How to Check the Quality of a T-Shirt
Most garments look good when new, the problems may start surfacing once they are used. Therefore, it is essential to understand the quality of the product you are buying.
Getting the garment laboratory tested is a good option though not always practical especially if the quantities are small.
Suggested are some simple ways which may help you determine the t-shirt quality.
1. Tie a piece of white cotton fabric to the sample t-shirt and put it through a rigorous wash with detergent, flat dry it in the shade and look out for the following:
a. Colour Bleeding: Open the knot and check to see if the colour from the garment has stained the white cloth, if not then it’s safe to assume that the t-shirt is colour fast.
b. Colour Fading: Check if the t-shirt looks faded post wash. T-shirt fading usually occurs if poor quality dyes have been used or the process of bleaching the fabric has been skipped before being put in for dyeing. For many manufacturers, it is common practice to skip this process as it saves on cost and time.
c. Shrinkage: Cotton by nature will always shrink, nevertheless, the same can be controlled by compacting the fabric before it’s conversion into a garment. Measure the garment pre and post wash to see you have the required length for production. The industry allowance for shrinkage in a t-shirt is 5% though ideally the manufacturer should try and restrict it to 2-3%.
d. Pilling (formation of fabric balls on the fabric surface): Usually this is visible only after 2-3 washes. Pilling in t-shirts makes it very uncomfortable to wear. It usually occurs when a poor quality of yarn, in all likelihood spun yarn has been used to manufacture the t-shirt. Spun yarn is one of the most inferior qualities of yarn the garment industry has to offer. It’s very uncomfortable to wear, and it does not absorb perspiration from one's body.
2. Quality of fusing used in the button area of a collared t-shirt: Turn the t-shirt inside out and check if paper or fabric fusing has been used to make its placket. Paper fusing disintegrates in a wash or two leaving you with an unshapely placket. The buttonholes spread up as well making the entire t-shirt look second-rate and worn out within a few washes.

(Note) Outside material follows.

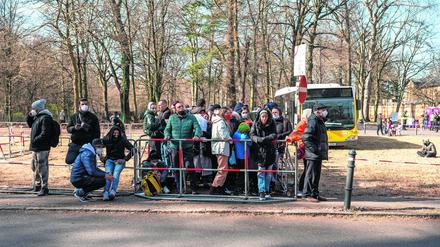 Geflüchtete warten an der Erstanlaufstelle für Asylsuchende in Reinickendorf.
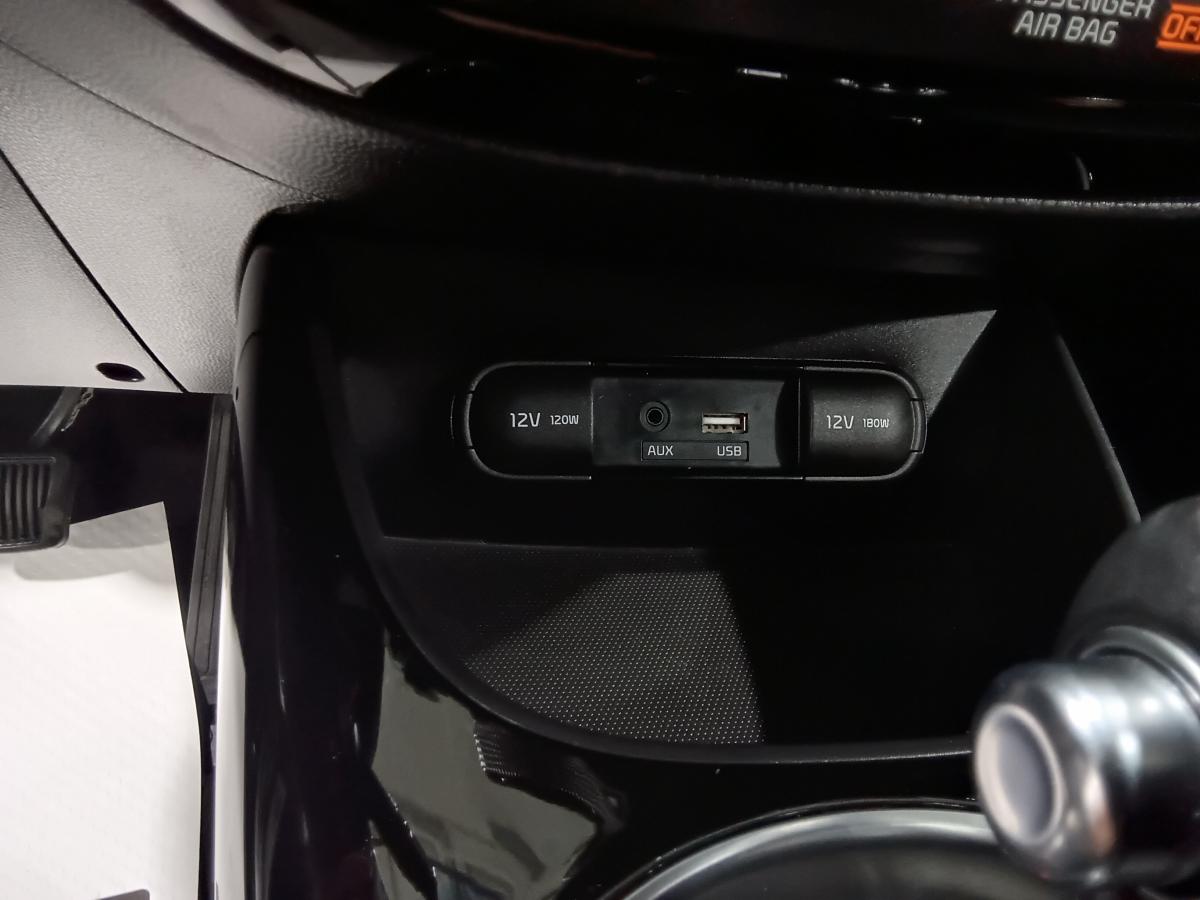 2019 Kia Soul - Image 29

3. Quality of stitching: To increase productivity manufacturers set the stitching machines to take very long stitches, making the garment vulnerable to split. Poor stitching eventually causes the garment to tear easily if stretched.
4. Size of a t-shirt: Sizes of t-shirts may vary depending on the country you are buying from, every manufacturer has his size chart too. Therefore its always recommended wearing the garment to check its style and fit. In attempts to be competitive may manufacturers reduce the size of the t-shirt, therefore, labels like Medium, Large, XL have no meaning, its best to try it on and decide.
5. The thickness of collar and cuffs: Thin Collar and cuffs tend to fray and develop dog ears if thin.
6. Quality of Buttonholes: These are some significant points which will help you understand how quality conscious a manufacturer is. A loosely stitched buttonhole not only looks terrible but is a clear indication of inattention to quality.
7. Neck opening and Lycra in the ribs: Ensure your t-shirt has a good neck drop. Lycra ribs help keep the t-shirt in good shape.